# Assignment 4

Before working on this assignment please read these instructions fully. In the submission area, you will notice that you can click the link to **Preview the Grading** for each step of the assignment. This is the criteria that will be used for peer grading. Please familiarize yourself with the criteria before beginning the assignment.

This assignment requires that you to find **at least** two datasets on the web which are related, and that you visualize these datasets to answer a question with the broad topic of **religious events or traditions** (see below) for the region of **Ann Arbor, Michigan, United States**, or **United States** more broadly.

You can merge these datasets with data from different regions if you like! For instance, you might want to compare **Ann Arbor, Michigan, United States** to Ann Arbor, USA. In that case at least one source file must be about **Ann Arbor, Michigan, United States**.

You are welcome to choose datasets at your discretion, but keep in mind **they will be shared with your peers**, so choose appropriate datasets. Sensitive, confidential, illicit, and proprietary materials are not good choices for datasets for this assignment. You are welcome to upload datasets of your own as well, and link to them using a third party repository such as github, bitbucket, pastebin, etc. Please be aware of the Coursera terms of service with respect to intellectual property.

Also, you are welcome to preserve data in its original language, but for the purposes of grading you should provide english translations. You are welcome to provide multiple visuals in different languages if you would like!

As this assignment is for the whole course, you must incorporate principles discussed in the first week, such as having as high data-ink ratio (Tufte) and aligning with Cairo’s principles of truth, beauty, function, and insight.
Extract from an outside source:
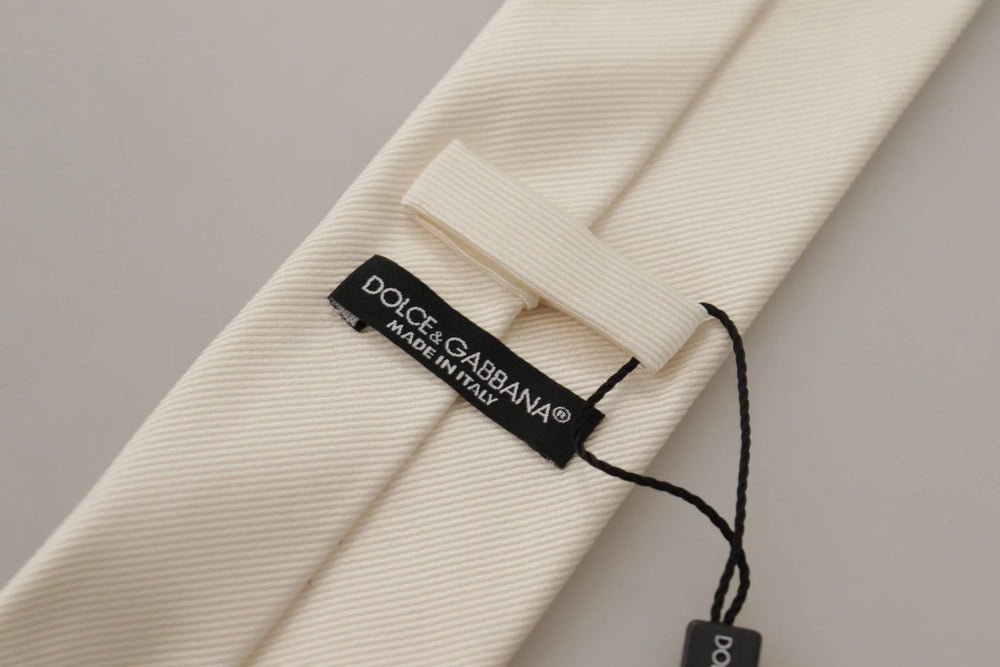 Dolce & Gabbana Off-White 100% Silk Slim Adjustable Accessory Necktie - Neckties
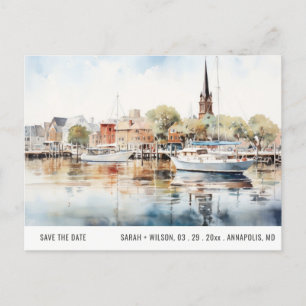 Postal Annapolis Maryland MD Sea Watercolor Save The Date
Here are the assignment instructions:

 * State the region and the domain category that your data sets are about (e.g., **Ann Arbor, Michigan, United States** and **religious events or traditions**).
 * You must state a question about the domain category and region that you identified as being interesting.
 * You must provide at least two links to available datasets. These could be links to files such as CSV or Excel files, or links to websites which might have data in tabular form, such as Wikipedia pages.
 * You must upload an image which addresses the research question you stated. In addition to addressing the question, this visual should follow Cairo's principles of truthfulness, functionality, beauty, and insightfulness.
 * You must contribute a short (1-2 paragraph) written justification of how your visualization addresses your stated research question.

What do we mean by **religious events or traditions**?  For this category you might consider calendar events, demographic data about religion in the region and neighboring regions, participation in religious events, or how religious events relate to political events, social movements, or historical events.

## Tips
* Wikipedia is an excellent source of data, and I strongly encourage you to explore it for new data sources.
* Many governments run open data initiatives at the city, region, and country levels, and these are wonderful resources for localized data sources.
* Several international agencies, such as the [United Nations](http://data.un.org/), the [World Bank](http://data.worldbank.org/), the [Global Open Data Index](http://index.okfn.org/place/) are other great places to look for data.
* This assignment requires you to convert and clean datafiles. Check out the discussion forums for tips on how to do this from various sources, and share your successes with your fellow students!

## Example
Looking for an example? Here's what our course assistant put together for the **Ann Arbor, MI, USA** area using **sports and athletics** as the topic. [Example Solution File](./readonly/Assignment4_example.pdf)

# Finding out relations between different Religious bodies functioning in Ann Arbor, MI their Adherence, Traditonal and Family distributions among the population for 2010 Census

Region - **Ann Arbor, Michigan, United States**.

Topic -  **Various Religions and Traditions followed by the local population**

**The dataset I have ensembled is by web scrapping from the below listed resources :-**
* [Metro-Area Membership Report By ARDA](http://www.thearda.com/rcms2010/r/m/11460/rcms2010_11460_metro_name_2010.asp)
(Provides Data in Tabular form)
* [Association of Statisticians 
   of American Religious Bodies](http://www.asarb.org/)
* [U.S. Religion Census
1952 to 2010](http://www.usreligioncensus.org/)   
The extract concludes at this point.